La scherma mi ha insegnato che il tempismo a volte è tutto.
Già, la puntualità non è il mio forte: arrivai in ritardo anche all’inaugurazione del corso di scherma, giusto in tempo per vedere due ragazzi cimentarsi in un duello scenico. Avevano in pugno spade medievali, a due mani, e non indossavano maschere o altre protezioni all’infuori dei guanti; in loro non c’era alcun timore del ferro ma solo grande fiducia e rispetto reciproco. Quando iniziarono a scambiarsi i colpi mi fu chiaro che la loro intesa doveva essere frutto di molti anni di allenamento condiviso.
Venni battezzata, poco tempo dopo, da un colpo di scudo.

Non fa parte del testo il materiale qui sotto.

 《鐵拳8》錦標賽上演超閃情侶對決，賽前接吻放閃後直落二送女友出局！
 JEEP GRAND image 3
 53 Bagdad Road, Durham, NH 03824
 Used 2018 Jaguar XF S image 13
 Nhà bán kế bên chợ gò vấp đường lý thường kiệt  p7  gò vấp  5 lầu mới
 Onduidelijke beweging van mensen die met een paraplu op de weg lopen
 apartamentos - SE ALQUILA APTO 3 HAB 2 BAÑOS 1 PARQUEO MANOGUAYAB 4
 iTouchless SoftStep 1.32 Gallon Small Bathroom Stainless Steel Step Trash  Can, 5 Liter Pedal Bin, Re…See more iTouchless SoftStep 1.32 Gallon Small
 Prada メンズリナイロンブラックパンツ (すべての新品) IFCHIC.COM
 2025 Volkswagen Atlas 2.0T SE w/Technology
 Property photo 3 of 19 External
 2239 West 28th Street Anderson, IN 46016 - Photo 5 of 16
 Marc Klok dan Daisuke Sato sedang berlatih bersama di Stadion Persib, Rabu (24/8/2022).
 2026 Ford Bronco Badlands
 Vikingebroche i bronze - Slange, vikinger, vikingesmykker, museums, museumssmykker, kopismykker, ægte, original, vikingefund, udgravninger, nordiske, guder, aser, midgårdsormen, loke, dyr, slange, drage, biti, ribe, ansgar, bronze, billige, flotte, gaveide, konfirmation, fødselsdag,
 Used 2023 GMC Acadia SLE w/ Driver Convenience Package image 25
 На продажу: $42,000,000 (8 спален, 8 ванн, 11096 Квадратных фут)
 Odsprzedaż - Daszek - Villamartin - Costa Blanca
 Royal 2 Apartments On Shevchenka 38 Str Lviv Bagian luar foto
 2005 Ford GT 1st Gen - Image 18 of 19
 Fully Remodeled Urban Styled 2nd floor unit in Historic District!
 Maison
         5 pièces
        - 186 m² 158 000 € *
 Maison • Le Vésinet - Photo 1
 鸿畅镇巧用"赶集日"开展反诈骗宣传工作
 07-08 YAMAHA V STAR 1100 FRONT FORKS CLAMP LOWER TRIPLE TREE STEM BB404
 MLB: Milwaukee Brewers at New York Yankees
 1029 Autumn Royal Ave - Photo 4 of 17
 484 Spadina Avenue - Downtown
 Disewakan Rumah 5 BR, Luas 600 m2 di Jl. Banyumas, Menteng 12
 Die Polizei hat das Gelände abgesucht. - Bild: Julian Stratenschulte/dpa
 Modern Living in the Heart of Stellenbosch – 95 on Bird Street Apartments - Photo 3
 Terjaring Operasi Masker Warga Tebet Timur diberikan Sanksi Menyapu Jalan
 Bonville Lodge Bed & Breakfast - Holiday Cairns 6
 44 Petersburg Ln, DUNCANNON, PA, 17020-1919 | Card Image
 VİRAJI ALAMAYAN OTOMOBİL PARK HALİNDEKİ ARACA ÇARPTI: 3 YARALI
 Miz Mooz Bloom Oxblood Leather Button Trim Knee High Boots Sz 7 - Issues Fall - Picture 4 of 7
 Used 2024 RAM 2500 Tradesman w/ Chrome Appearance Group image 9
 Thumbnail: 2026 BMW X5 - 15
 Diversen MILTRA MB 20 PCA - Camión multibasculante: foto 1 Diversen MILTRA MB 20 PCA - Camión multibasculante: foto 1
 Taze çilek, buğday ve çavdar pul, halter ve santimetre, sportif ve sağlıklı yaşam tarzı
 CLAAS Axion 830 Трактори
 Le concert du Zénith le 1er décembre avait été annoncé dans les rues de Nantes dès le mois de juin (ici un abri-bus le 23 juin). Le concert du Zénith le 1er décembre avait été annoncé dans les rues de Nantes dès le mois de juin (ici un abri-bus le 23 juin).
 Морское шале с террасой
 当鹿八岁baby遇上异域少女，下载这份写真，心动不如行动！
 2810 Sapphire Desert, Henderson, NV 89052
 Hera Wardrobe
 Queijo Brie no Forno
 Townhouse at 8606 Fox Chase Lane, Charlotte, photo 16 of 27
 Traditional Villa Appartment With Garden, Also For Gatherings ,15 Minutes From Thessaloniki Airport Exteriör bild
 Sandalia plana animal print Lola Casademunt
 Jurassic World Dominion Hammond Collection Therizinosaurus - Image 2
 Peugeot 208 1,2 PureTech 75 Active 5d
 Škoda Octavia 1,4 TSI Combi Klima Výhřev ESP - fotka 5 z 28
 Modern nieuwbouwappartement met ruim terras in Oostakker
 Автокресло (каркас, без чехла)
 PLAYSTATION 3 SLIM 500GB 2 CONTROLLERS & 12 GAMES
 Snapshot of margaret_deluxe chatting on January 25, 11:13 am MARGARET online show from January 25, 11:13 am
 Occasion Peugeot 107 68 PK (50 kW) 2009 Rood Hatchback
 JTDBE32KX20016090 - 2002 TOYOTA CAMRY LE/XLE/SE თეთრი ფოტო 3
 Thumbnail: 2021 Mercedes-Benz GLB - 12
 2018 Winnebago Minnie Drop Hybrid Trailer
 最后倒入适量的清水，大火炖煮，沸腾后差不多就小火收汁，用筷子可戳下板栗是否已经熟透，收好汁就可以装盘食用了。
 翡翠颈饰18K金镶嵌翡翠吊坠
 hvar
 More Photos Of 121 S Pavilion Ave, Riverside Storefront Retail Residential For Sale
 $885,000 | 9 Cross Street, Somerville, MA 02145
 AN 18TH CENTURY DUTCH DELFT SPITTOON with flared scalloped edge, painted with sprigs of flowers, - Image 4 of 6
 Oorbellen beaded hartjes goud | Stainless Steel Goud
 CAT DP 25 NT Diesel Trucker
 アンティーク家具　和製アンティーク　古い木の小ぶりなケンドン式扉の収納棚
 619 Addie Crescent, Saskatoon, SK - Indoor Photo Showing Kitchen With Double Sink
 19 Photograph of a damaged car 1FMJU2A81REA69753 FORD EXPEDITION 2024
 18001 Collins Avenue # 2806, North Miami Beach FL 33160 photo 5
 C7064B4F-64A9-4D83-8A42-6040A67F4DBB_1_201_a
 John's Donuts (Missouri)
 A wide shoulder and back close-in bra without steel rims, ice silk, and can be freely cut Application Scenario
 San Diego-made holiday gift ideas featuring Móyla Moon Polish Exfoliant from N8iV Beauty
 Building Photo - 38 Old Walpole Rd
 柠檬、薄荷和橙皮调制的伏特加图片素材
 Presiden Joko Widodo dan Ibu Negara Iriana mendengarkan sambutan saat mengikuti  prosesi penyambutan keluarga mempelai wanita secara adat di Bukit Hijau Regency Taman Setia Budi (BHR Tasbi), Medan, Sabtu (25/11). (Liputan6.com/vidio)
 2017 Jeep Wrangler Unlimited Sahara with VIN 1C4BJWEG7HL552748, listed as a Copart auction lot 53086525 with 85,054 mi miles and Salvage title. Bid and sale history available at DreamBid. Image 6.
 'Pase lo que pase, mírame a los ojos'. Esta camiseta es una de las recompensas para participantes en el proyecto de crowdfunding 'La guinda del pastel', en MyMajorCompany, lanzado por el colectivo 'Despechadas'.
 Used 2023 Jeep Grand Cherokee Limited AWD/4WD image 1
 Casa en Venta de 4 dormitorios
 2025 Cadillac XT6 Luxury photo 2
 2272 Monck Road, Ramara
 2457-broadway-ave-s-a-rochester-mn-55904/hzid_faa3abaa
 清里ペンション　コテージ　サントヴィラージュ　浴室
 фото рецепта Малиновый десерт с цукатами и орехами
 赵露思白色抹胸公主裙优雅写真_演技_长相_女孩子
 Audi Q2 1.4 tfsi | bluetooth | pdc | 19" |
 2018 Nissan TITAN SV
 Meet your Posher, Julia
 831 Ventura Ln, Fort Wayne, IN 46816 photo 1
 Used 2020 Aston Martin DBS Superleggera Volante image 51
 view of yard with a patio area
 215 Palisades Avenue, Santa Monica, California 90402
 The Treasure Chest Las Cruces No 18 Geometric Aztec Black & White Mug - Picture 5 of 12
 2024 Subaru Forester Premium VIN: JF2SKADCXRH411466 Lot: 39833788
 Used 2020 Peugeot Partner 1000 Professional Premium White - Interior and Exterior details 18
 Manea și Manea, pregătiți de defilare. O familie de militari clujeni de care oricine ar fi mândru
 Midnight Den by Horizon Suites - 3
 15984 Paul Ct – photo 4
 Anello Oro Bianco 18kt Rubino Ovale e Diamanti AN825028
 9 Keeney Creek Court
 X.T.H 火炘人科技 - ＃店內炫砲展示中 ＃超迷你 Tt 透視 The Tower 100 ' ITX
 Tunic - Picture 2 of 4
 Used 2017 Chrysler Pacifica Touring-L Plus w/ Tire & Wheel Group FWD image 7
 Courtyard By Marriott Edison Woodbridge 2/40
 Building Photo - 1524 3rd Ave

Mi arrivò diritto in fronte per mano di un compagno d’arme, che si aggiudicò all’istante il posto d’onore sulla mia lista nera. Quel disgraziato fece breccia nel mio cuore e mi fece notare i miei limiti e le mie debolezze fisiche: mi disse che una piuma non poteva permettersi di entrare in gioco stretto senza il rischio di essere buttata a terra. Aveva ragione, ma il bello della scherma è anche questo: con un po’ d’astuzia e d’ingegno, il piccolo può avere la meglio sul grande, così come il debole sul forte.
Riuscii col tempo a capire come sfuggire dalla sua presa e a sfruttare le chiavi articolari, le leve ed il mio equilibrio, per ribaltare il gioco a mio favore attraverso un uso corretto delle tecniche “d’abracar”. Devo molto agli amici di “Florentia” ed “Armizare” che hanno permesso, grazie ai loro seminari, la mia crescita in un clima di confronto e condivisone.
Oggi per me la scherma è prima di tutto una forma mentale e richiede quindi non solo grande dedizione ed impegno fisico, ma anche un certo lavoro interiore. L’interpretazione e lo studio dei trattati mi affascina più del lato agonistico della disciplina, anche se è solo attraverso i tornei che ho potuto verificare, in prima persona, l’efficacia delle tecniche apprese dai libri.